In October, 1997, while staying with her writing partner, Larry McMurtry, in Texas, Diana Ossana read Annie Proulx’s short story “Brokeback Mountain” in The New Yorker. “Two-thirds of the way through reading the story, I began to sob, and I sobbed all the way to the end,” remembers Ossana. “I took the magazine downstairs and asked Larry to read the story.” Within weeks, the two contacted Proulx about optioning Brokeback Mountain. “I would likely have said no to any other screenwriter(s) who approached me on this story,” Proulx admits. “I trusted them with the story, especially Larry McMurtry, whose ear and eye for Western America is equaled by none.”

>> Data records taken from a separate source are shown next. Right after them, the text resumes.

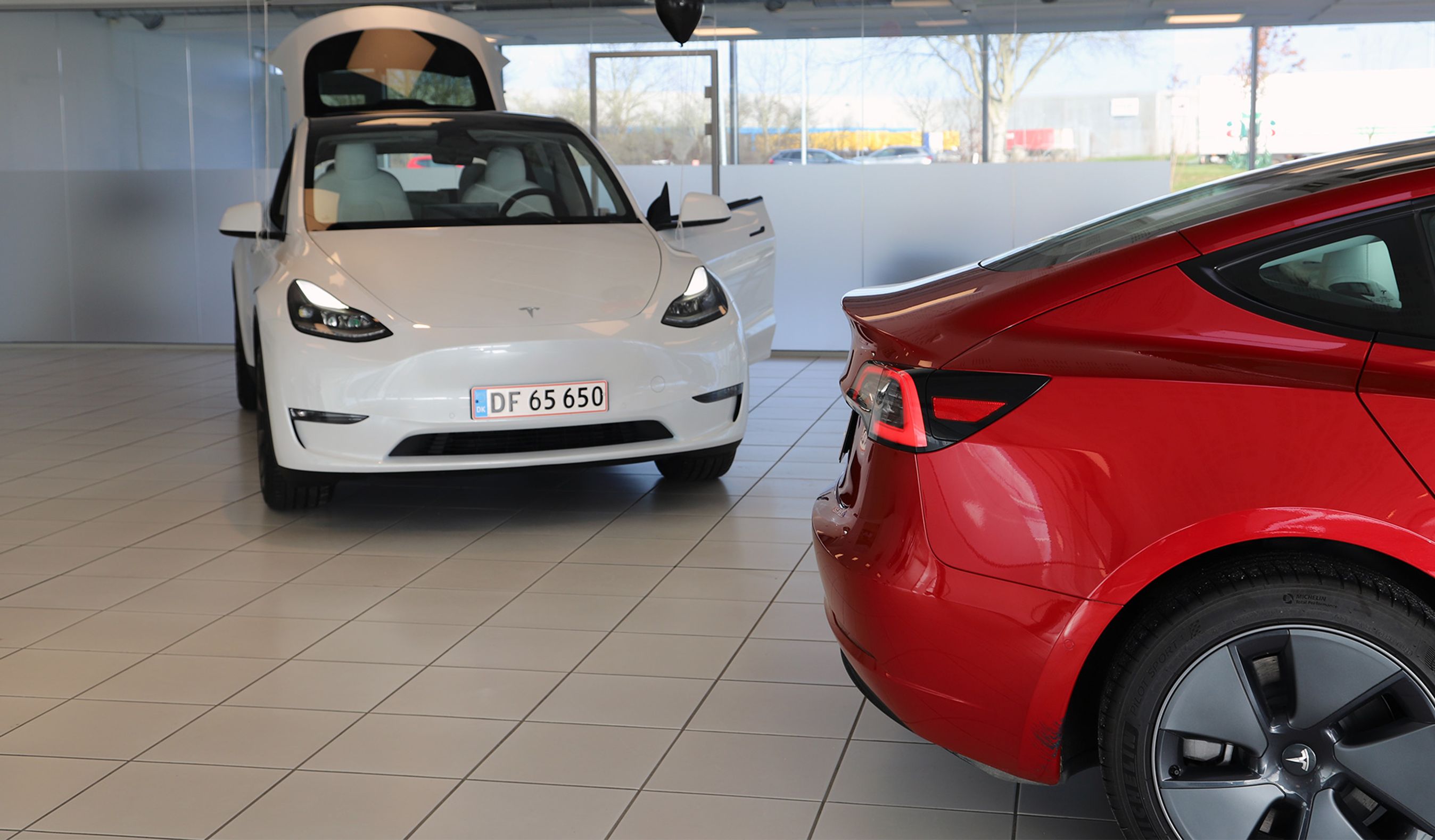 Hvid bil forfra, rød bil i forgrunden.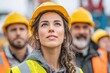 © EUT - Young female worker looks up surrounded by male construction team. It shows ambition, teamwork, and forward thinking in business.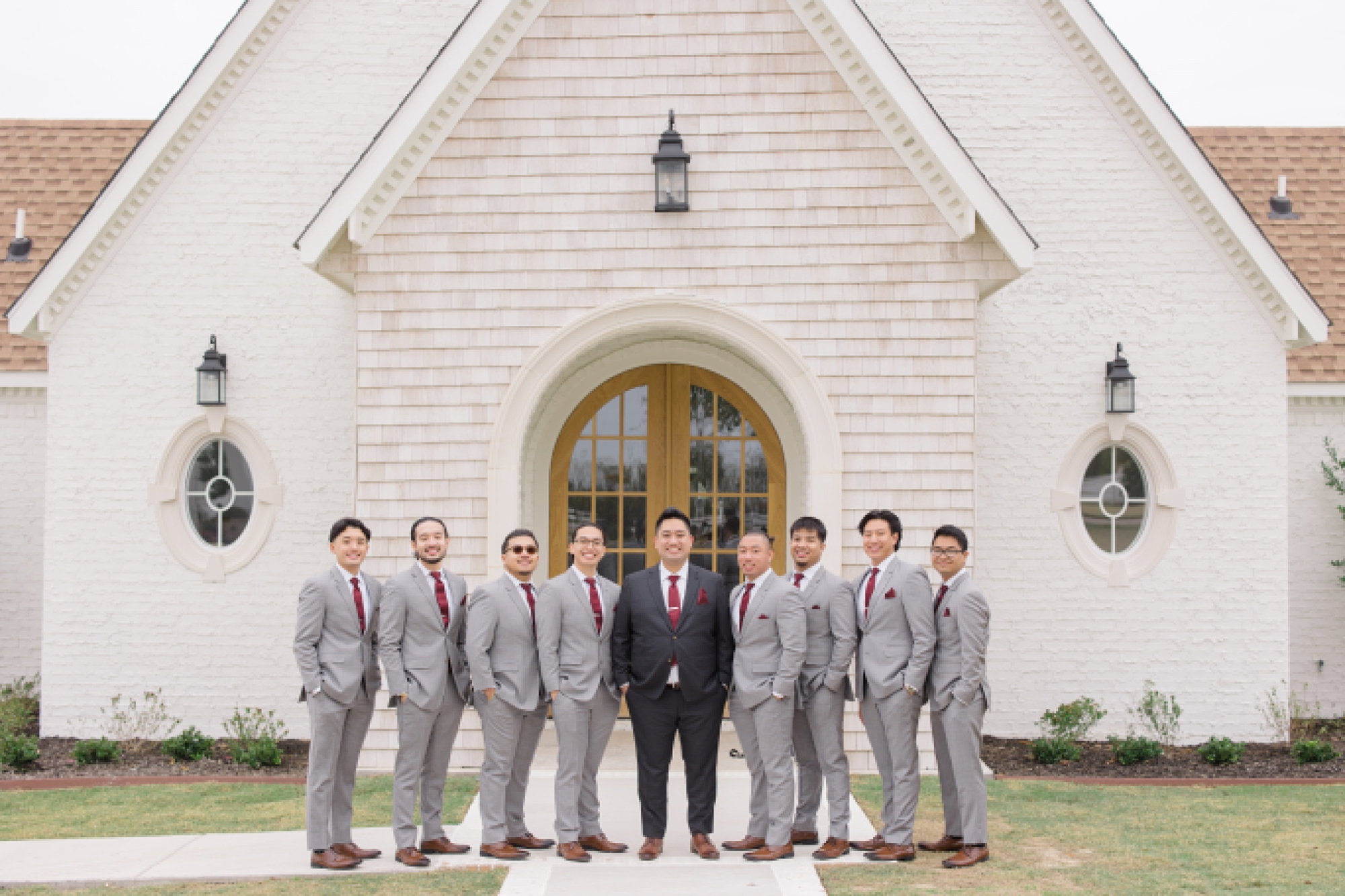 groom stands with groomsmen in grey suits in front of Frisco TX church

In tackling the adaptation, Ossana saw their challenge as two-fold: “We were extremely concerned about staying true to the tone of the story and determined not to veer off into sentimentality nor to lose the language of the characters and the time and place.” As different directors and actors signed up, and then had to back out, the project took over seven years to be realized. During that time, the filmmakers had what many considered “the best non-produced screenplay in Hollywood.” Eventually producer—and then Focus Features president—James Schamus and director Ang Lee stepped up. Lee, who remembers having “tears in my eyes” while reading Proulx’s short story, found the screenplay “a very faithful and great adaptation.”
For the actors, from Gyllenhaal and Ledger to Anne Hathaway and Michelle Williams, the screenplay showed them what a powerful story the film could be. “I loved the script because it was mature and strong, and such a pure and beautiful love story,” expressed Ledger. For Ossana, seeing the actors embody her and McMurtry’s vision made it all worthwhile. “On the first day when I saw the boys in costume, I was so overwhelmed that these characters had come to life that I needed to go away and sit down for about an hour,” Ossana remembers.
Ultimately, the popularity of the film proved that Ossana and McMurtry had found a way to bring that profound emotion they felt reading that short story back in 1997 onto the screen. “Larry and Diana's screenplay took a spare, brief, and intense short story and managed to maintain its purity while vastly increasing its scope - not an easy task,” exclaims Schamus. Critics agreed. Entertainment Weekly praised how “together they have coaxed Proulx’s anecdotal, through-the-years narrative into a wistful epic of longing and loss.” And Rolling Stone called it “a model of literary adaptation.”